Data lain menyebut, Indonesia mengalami kerusakan hutan tropis akibat industri pertambangan paling tinggi di dunia dengan menyumbang 58,2 persen deforestasi dari 26 negara yang diteliti. Itu berdasar publikasi Stefan Giljum dari Institute for Ecological Economics, Vienna University of Economics and Business, Austria dan tim, di Jurnal PNAS tahun 2022 silam.
Pemerintah sering beri lampu hijau proyek ekstraktif demi target ekonomi, merampas ruang hidup rakyat. Keuntungan mayoritas hanya mengalir ke oligarki dan elite politik. Sementara rakyat biasa yang tanggung akibatnya. Yang lebih mencengangkan, negara kerapkali memaksa penambangan sumber daya alam dengan cara “merampas” lahan milik masyarakat desa, walau ada penolakan dari masyarakat. Meskipun ada ganti rugi, namun bagi sebagian besar warga harga itu tidak sebanding.
Di berbagai tempat, seperti di Wadas misalnya, ribuan petani dan warga adat kehilangan tanah warisan mereka secara paksa, digusur oleh aparat negara atas nama Proyek Strategis Nasional yang dijanjikan bakal membawa kemakmuran. Saat rakyat bangkit melawan dengan demonstrasi damai, mereka justru dihadapi kekerasan brutal: dipukuli aparat penegak hukum, ditangkap sewenang-wenang, dituduh sebagai provokator bayaran, bahkan yang lebih tidak manusiawi yakni dibunuh seperti yang pernah terjadi pada sosok Salim Kancil.
Pengkhianatan Terhadap Gen Z
Tragedi ini bukan hanya pelanggaran hak asasi manusia, tapi juga pengkhianatan terhadap janji pembangunan berkelanjutan, meninggalkan luka mendalam bagi generasi masa depan. Generasi yang seharusnya mengantongi perlindungan dan jaminan dari negara. Baik jaminan pendidikan, sosial, rasa aman, tempat tinggal, dan lain-lain.
Namun, ironisnya, sebagian besar pejabat di negara kita justru lebih suka melanggengkan praktik korupsi, pamer kemewahan, dan memayungi para pemilik modal yang menyokong mereka saat pemilu maupun pilkada.
Ketika negara abai terhadap keberlanjutan generasi masa depan, sang pewaris planet ini, maka hal ini menimbulkan keprihatinan di generasi muda masa kini.
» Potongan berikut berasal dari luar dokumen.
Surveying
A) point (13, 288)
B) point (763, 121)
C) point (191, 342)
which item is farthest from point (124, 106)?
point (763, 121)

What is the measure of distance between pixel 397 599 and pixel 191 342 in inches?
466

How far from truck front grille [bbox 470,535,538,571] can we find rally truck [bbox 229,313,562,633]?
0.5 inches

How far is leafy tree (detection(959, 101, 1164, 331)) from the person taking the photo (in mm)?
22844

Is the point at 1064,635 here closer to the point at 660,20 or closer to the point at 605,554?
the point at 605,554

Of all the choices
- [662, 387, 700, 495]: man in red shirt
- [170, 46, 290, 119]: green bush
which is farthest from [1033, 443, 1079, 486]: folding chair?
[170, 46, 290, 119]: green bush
Dengan berlandaskan semangat menjunjung tinggi empati dan simpati, mereka mencoba konsisten merawat bumi lewat cara sederhana yang mereka bisa. Menanam pohon, mengolah sampah, mengurangi pemakaian plastik sekali pakai, naik transportasi umum, dan menyuarakan itu semua di dunia digital.
Generasi masa kini mati-matian menjadi penyangga ketahanan ekologis, namun mereka terjebak dalam kontradiksi. Mereka ingin menyelamatkan Bumi, tapi kebijakan negara justru memperburuk lingkungan, meningkatkan emisi karbon dan polusi.
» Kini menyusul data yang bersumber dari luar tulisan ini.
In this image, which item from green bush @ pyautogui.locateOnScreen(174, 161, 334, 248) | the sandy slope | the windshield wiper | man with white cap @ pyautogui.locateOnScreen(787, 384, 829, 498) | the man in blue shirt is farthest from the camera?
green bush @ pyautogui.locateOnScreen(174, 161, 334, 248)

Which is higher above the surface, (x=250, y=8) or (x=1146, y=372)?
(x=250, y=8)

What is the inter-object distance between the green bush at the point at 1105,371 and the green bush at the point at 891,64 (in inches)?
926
Bergantung pada Kebijakan Negara
Contoh nyata terlihat di negeri ini, di mana kampanye anti-plastik dari anak muda berhadapan dengan ekspansi industri batu bara yang didukung kebijakan nasional. Padahal, dalam menghadapi ancaman pemanasan global dan kerusakan ekosistem, Bumi membutuhkan kekompakan total antara masyarakat dan negara.
Garrett Hardin, seorang ahli ekologi, dalam teori “Tragedy of the Commons” tahun 1968, memperingatkan bahwa sumber daya bersama seperti udara bersih dan hutan akan hancur jika setiap individu bertindak egois demi kepentingan pribadi. Namun, tanpa peran negara yang kuat sebagai pengatur, upaya individu tampak sia-sia.
Kita bayangkan petani yang irigasi sawahnya berlebihan hingga sungai kering. Ini tragedi yang bisa dicegah jika pemerintah terapkan regulasi ketat dan masyarakat patuh serta berpartisipasi aktif, seperti program daur ulang nasional di Jerman yang sukses kurangi sampah hingga 50%. Demikian halnya bencana Sumatra seharusnya takkan terjadi jika pemerintah tidak melanggengkan praktik deforestasi.
Poinnya, kebijakan negara atas lingkungan, sangat berpengaruh terhadap kualitas udara, air, tanah, hutan, sungai, hingga laut, sebagai tempat bertumbuh dan hidup segala jenis makhluk termasuk manusia di masa depan. []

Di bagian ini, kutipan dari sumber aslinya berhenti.